Bu Blogda Ara

9 Haziran 2015 Salı

DUBROVNİK GEZİ REHBERİ

KALE İÇİNDE BEMBEYAZ ROMANTİK BİR ŞEHİR

Dubrovnik Adriyatik boyu uzanan Hırvat sahillerinin en özeli, en güzeli, doğal olarak en turistik noktası. 2013 yılında Hırvatistan’ın Avrupa Birliği’ne girmesi öncesi özellikle vizesiz oluşu nedeniyle Dubrovnik, Türk turistlerin uğrak yeriydi ve Türklere birinci sınıf turist muamelesi yapılan ender Avrupa kentlerindedi. Artık vize ile giriyor olsak da hâlâ görülmesi gereken öncelikli destinasyonlardan birisi bu güzel, şirin sahil kenti.
Dubrovnik’e giden arkadaşlarımız, geleneksel abartmalar ve yalanlar gibi bu şehrin ne güzelliğini, ne tarihi boyutunu ne de olağan dışı mimarisini anlatıyorlardı.Varsa yoksa gece hayatı ve sahil keyfi ile sınırlı biliyorduk burayı Balkan turunda gidip görene kadar. Kent, klasik Adriyatik şehirleri gibi bir savunma kalesinden ibaret aslında, ancak o kadar sağlam korunmuş ki UNESCO Kültür Mirasları Listesi‘ne girmekle kalmamış her yıl yüz binlerce turisti çekerek bir turizm cenneti olmuş. Şehre girer girmez zeminden tavana, binaların duvarlarından çatılarına kadar beyaz, serin ve estetik değeri çok yüksek bir taş cenneti sizi karşılıyor. Nispeten geniş bir sokağın etrafındaki daracık sokaklar paralel bulvarlara bağlıyor bu kale kenti ve ana yola sadık kalırsanız kendinizi limanda buluyorsunuz. Koyun coğrafi özellikleri nedeniyle durgunlaşan suda, çok minik kıpırtılar yakamozla ya da ay yüzünü gizleyen bir sevdalıysa, şehrin lambalarıyla dans ederek müthiş bir romantizm sunuyor.

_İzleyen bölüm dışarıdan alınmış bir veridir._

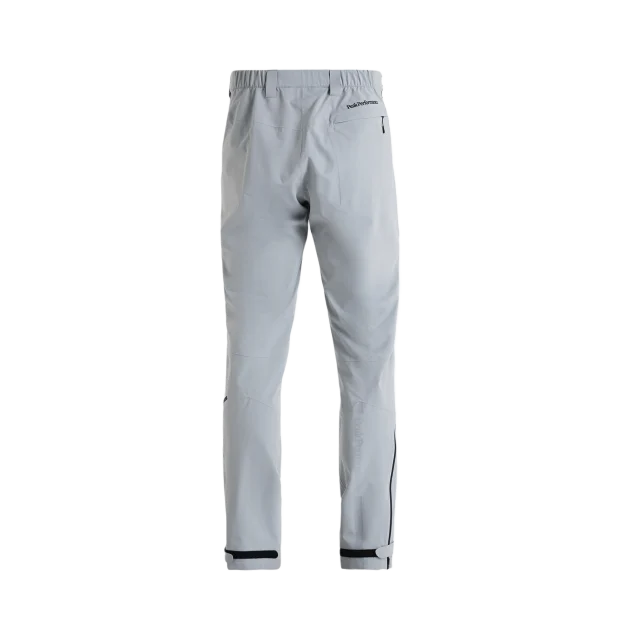 Peak Performance Velox Pant 5 Peak Performance Velox Pant - Billede 5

DUBROVNİK’TE GÖRÜLECEK YERLER

Şehir 4 bölgeden oluşuyor. Hepimizin taşlar içindeki bildiği kısım Stari Grad. (Old city kısmı da diyebiliriz) Zamanımızın çoğunu burada geçireceğiz. Otellerin yığıldığı bölgeler Lapad ve Babin Kuk. Şehrin liman kısmı daGruz ismiyle anılan bölge.
Stari Grad kısmına şehrin kapılarından (ana kapının adı Pile) girdikten sonra ayrılacak 2-3 saatlik zaman her şeyi görmek için yeterli. Ancak şehrin ruhu, sizi üzerinde yuvarlanmaya davet eden taş sokakları, liman kısmında yenilecek enfes deniz mahsullerinden oluşan bir öğün işin içine eklendiğine o iki üç saatlik ihtiyaç 2 güne çıkabilir. Stradun Caddesi büyük ana cadde. Etrafında da tüm şehir dar sokaklarla plansızca koşuşturmamızı bekliyor. Başarabilirseniz kaybolun diyeceğiz de üç paralel caddenin toplam alanında herhalde bir köşeden seslensek diğer köşeden arkadaşımız duyar bizi… Bir süre sonra Dubrovnik’te sadece oturup kenti dinlemek isteyebilirsiniz, bunun için zaman ayırın ve Adriyatik’in sevimli esintisinde tarihi şehrin tınısını dinleyin.
Sponza Sarayı: Dubrovnik’in en haşmetli yapısı Gotik Rönesans mimarisinin önemli eserlerindenmiş. Taş şehre uyumuyla biz ziyaretçilere görsel bir zevk veren bina aynı zamanda konser ve sergilere de ev sahipliği yapıyor.
Franciscan Manastırı ve Tarihi Eczane: 14.yy’dan kalma Barok mimari Manastır, dehlizleri, kilisesi, müzesi ve 1317 yılından beri hizmet veren eczanesiyle şehrin bulunmaz dokusunun tam ortasında.
Lovrijenac Kalesi ve Şehir Surları: Hem üzerinde yürümek hem de yukarıdan bu tablo gibi şehri ve Adriyatik’i görmek için 2 kilometrelik bir parkur sunuyor size. Geze geze kaleye ve liman bölgesine de ulaşırsınız. Mutlaka bu yürüyüşü yapın.
War Photo Ltd; Savaş Fotoğrafları Sergi Merkezi: Sabit bir sergi olarak tarihin en acı fotoğraflarına ev sahipliği yapan müze bize denk gelmedi ama geçici organizasyonlara da ev sahipliği yapıyormuş. Detaylı bilgi için tıklayınız.
Ayrıca; Onofrio’nun Çeşmeleri, eski şehrin hemen devamındaki Dubrovnik Limanı, Aziz Ignatius Cizvit Kilisesi, merkeze en yakın koy olan Lapad Koyu, Roland’ın Sütunu ve Çan Kulesi ve iki kez yıkılan üçüncü hali ayakta kalmış Rektörler Sarayı da Dubrovnik’te görülmesi gereken yerler listesinde.